Bugün herkes biliyor ki, "Gezi Olayları" iki tane ağaç için kalkışılan masum bir hareket değildir.

Bugün herkes biliyor ki, “Gezi Olayları” iki tane ağaç için kalkışılan masum bir hareket değildir.

Aksine rahmetli Necip Hablemitoğlu’nun çok detaylı anlattığı, başta Alman Vakıfları olmak üzere, dünyada ve ülkemizde iç karışıklıklar çıkarıp, toplum mühendisliği yapan ve malum ailelere çalışan şer odaklarının vakıf/ dernek ve kuruluşlarının tezgahıdır; kendini bir halt zanneden sözde sanatçı, aydın ve beslemelerin kukla/maşa olarak kullanıldığı provokasyondur.

Benzeri daha önce tıpatıp başka ülkelerde de uygulanmış ve şimdi de İran’da sahneye konmuştur.

İran’ı çok mu seviyorum? Hayır.

Fakat Türkiye, Rusya ve İran bloğuna karşı bir hamle olduğu aşikardır.

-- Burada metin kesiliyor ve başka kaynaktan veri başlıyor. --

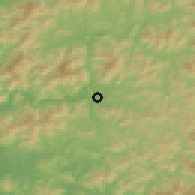 Shaded relief of the 53 km around Yongha, drawn from the GMTED2010 grid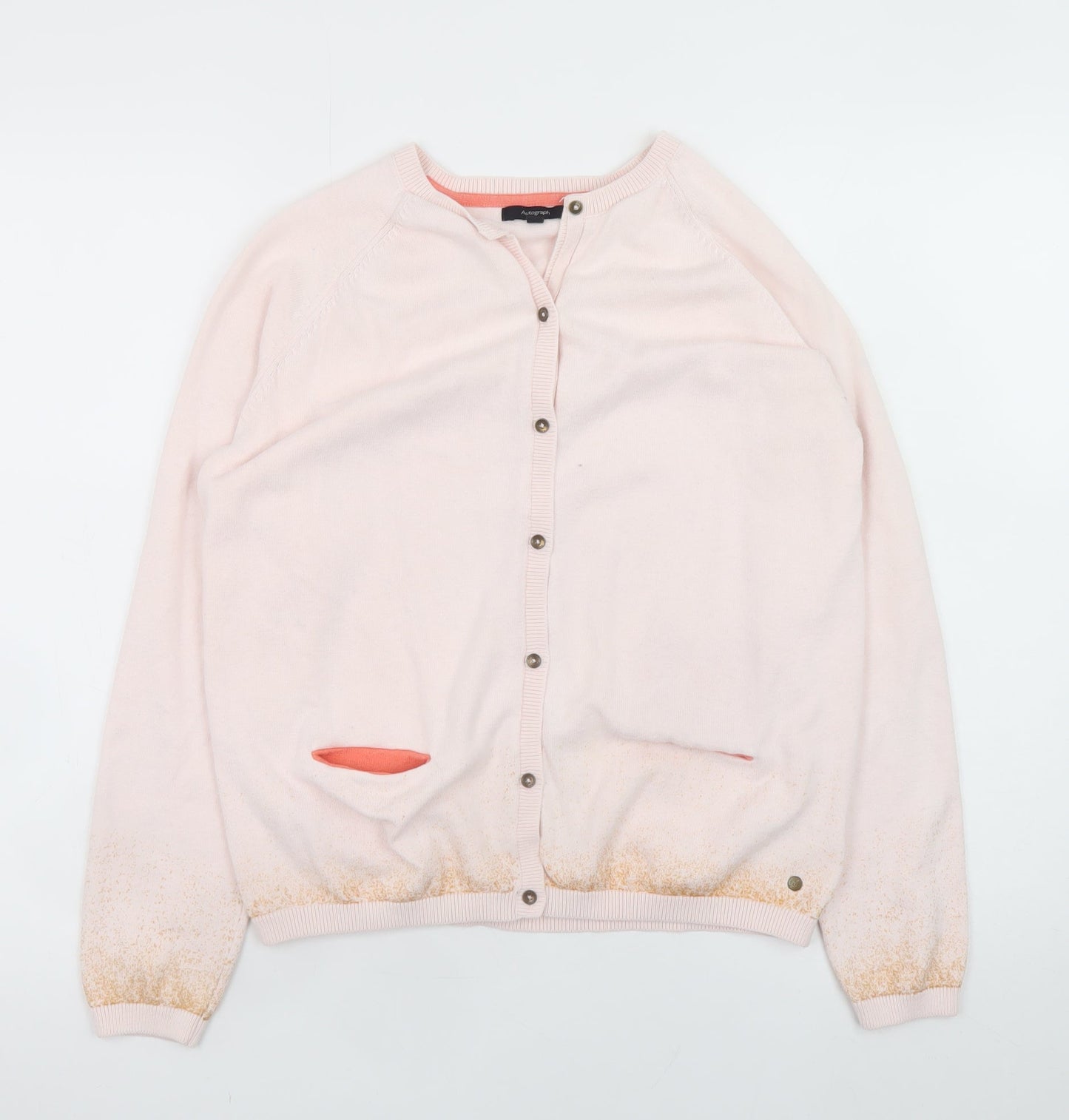 Marks and Spencer Girls Pink Cotton Cashmere Button Cardigan 13-14 Years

Yeni yıla İran Gezisi ile girdik.

Peki nasıl bir yıl bizi bekliyor?

Bunun cevabı bize bağlı…

Eğer Kemal Kılıçdaroğlu’ndan siyasetçi, Celal Şengör’den akademisyen, Mustafa İslamoğlu, Mehmet Okuyan ve Caner Taslaman’dan ilahiyatçı, Fazıl Say ve Hülya Avşar’dan sanatçı, Abdullah Gül ve Bülent Arınç’tan dava arkadaşı kadromuz varsa ve bu tabloyu içimize sindirip yersiz konuşmalarını tartışıyorsak, bize her yer “O Ses Türkiye!”

Çalsın sazlar, oynasın kızlar; oh ne alâ çağdaş memleket.

Ve kıvırmak elbette serbest, oryantal nihayetinde; yanına da boğaz, rakı, balık, şiş kebap…

Xxx

Her ne olursan ol; omurgalı ol!

“Fikir namusu”na halel getirme…

Fakat İngiltere’den nişan almışsan, Almanya’nın kucağına oturmuşsan, İran’ın Kum’unda üflendiysen, İsrail’e zaten “Güney’deki dost ülke” diyecek kadar satmışsan onurunu, belinde mutlaka kayma olmuştur; arzu etsen de dik duramazsın.

Mutlaka bir kasetin vardır.

Mutlaka açığa çıkınca yüzünün döküleceği bir nane yemişsindir.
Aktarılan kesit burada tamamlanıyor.